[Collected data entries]
:::
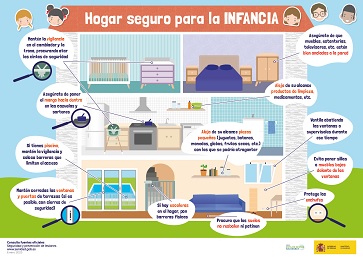 Infografía hogar seguro en la infancia (2023)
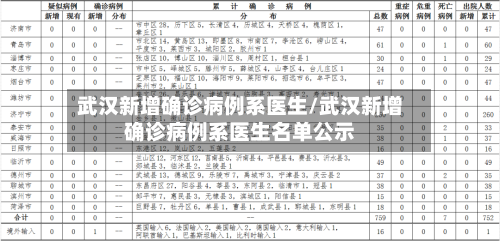 武汉新增确诊病例系医生/武汉新增确诊病例系医生名单公示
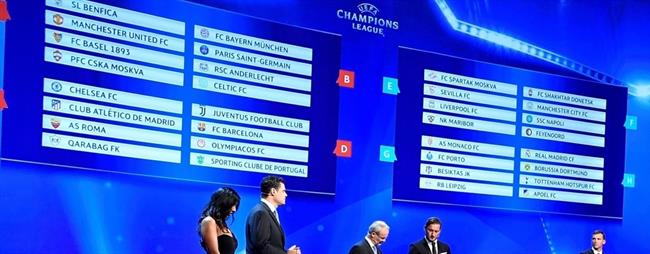 Duros grupos para Madrid y Atlético; Barcelona y Sevilla, mejor parados | WWW.UEFA.COM ep duros gruposmadridatletico barcelonasevilla mejor parados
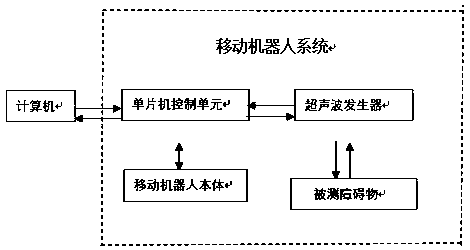 Method for detecting moving state of obstacle in real time by mobile robot in environment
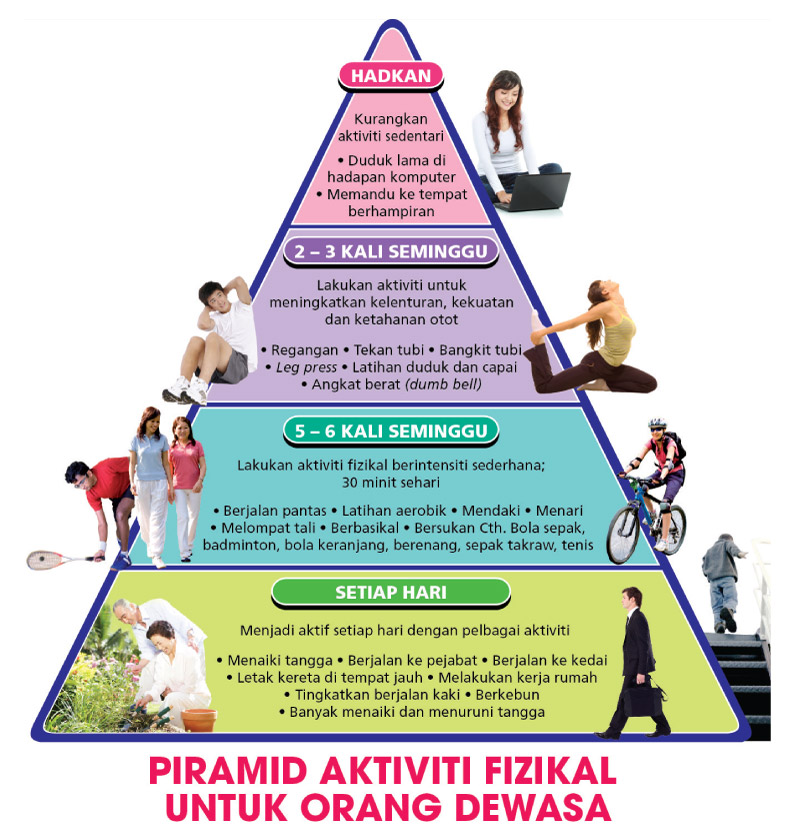 piramid-activiti-dewasa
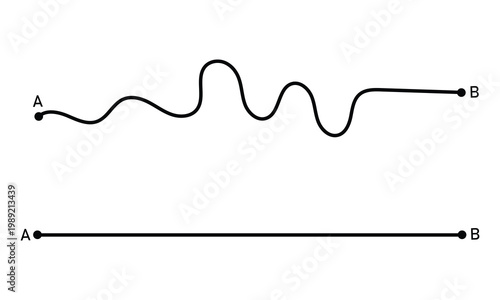Straight and complicated path from point A to point B isolated on white background. Concept of problems and solutions . Vector Illustration . EPS 10 .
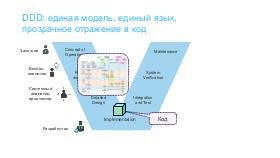 DDD-Flow-2023-Tsepkov.pdf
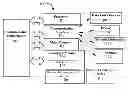 Fig. 01 - System and Method for Reliable, Adaptive, and Objective Skills Based Testing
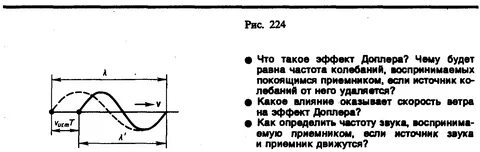 Верхняя граница частоты колебаний воспринимаемая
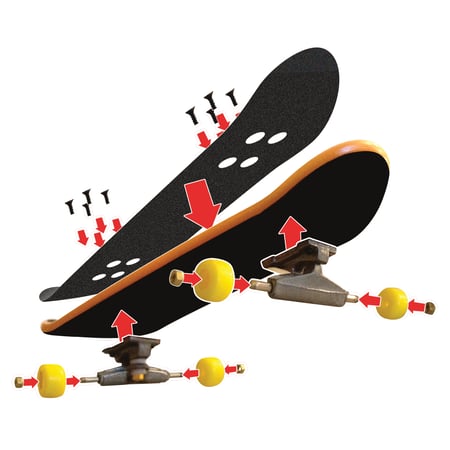 TD® mini skateboard doigt tech deck star pro enfant bois noir pas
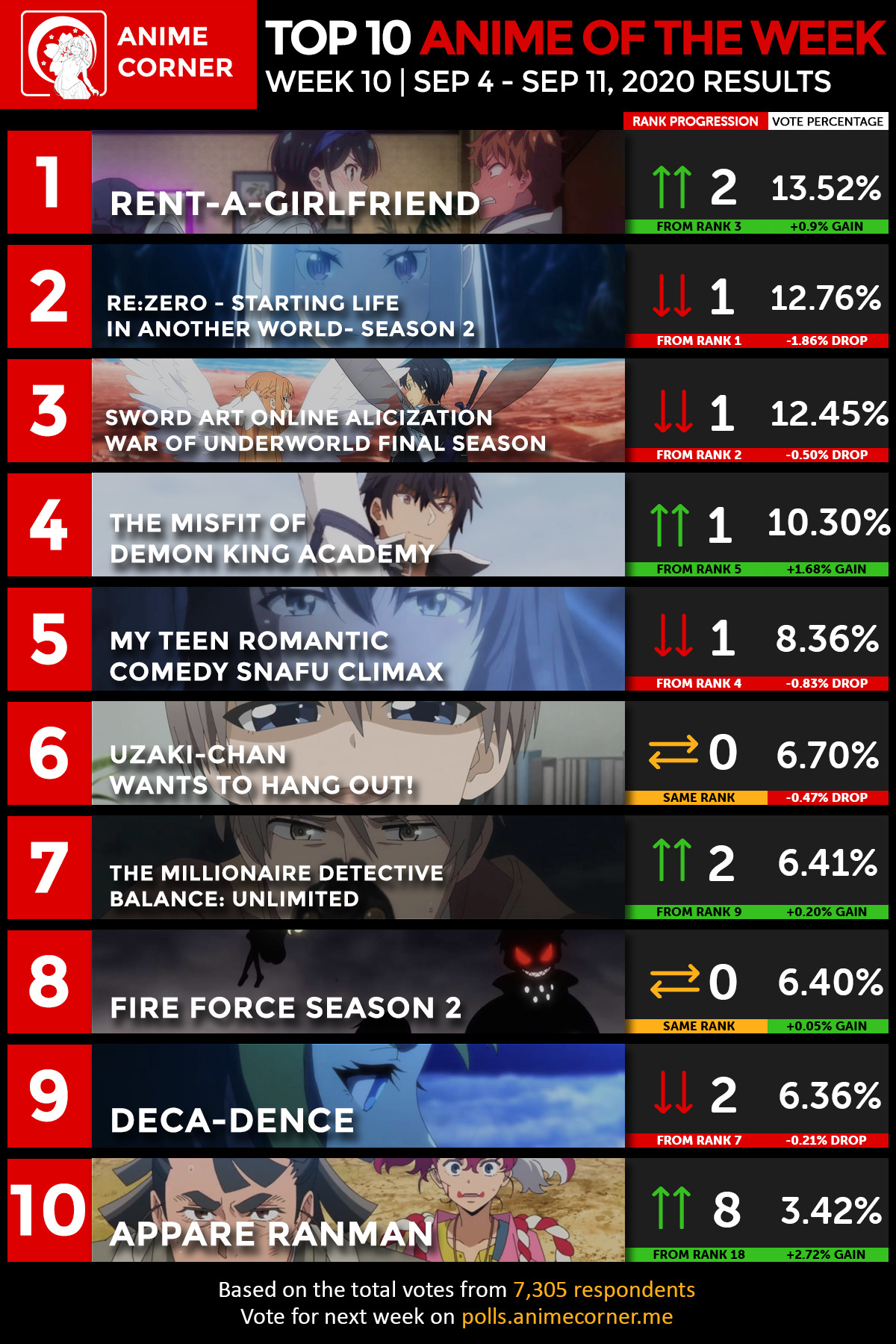 Summer 2020 Anime, Seasonal Chart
:::
Task details:
Reproduce the entries above exactly, without images.

Answer for the task:
 Infografía hogar seguro en la infancia (2023)
 武汉新增确诊病例系医生/武汉新增确诊病例系医生名单公示
 Duros grupos para Madrid y Atlético; Barcelona y Sevilla, mejor parados | WWW.UEFA.COM ep duros gruposmadridatletico barcelonasevilla mejor parados
 Method for detecting moving state of obstacle in real time by mobile robot in environment
 piramid-activiti-dewasa
Straight and complicated path from point A to point B isolated on white background. Concept of problems and solutions . Vector Illustration . EPS 10 .
 DDD-Flow-2023-Tsepkov.pdf
 Fig. 01 - System and Method for Reliable, Adaptive, and Objective Skills Based Testing
 Верхняя граница частоты колебаний воспринимаемая
 TD® mini skateboard doigt tech deck star pro enfant bois noir pas
 Summer 2020 Anime, Seasonal Chart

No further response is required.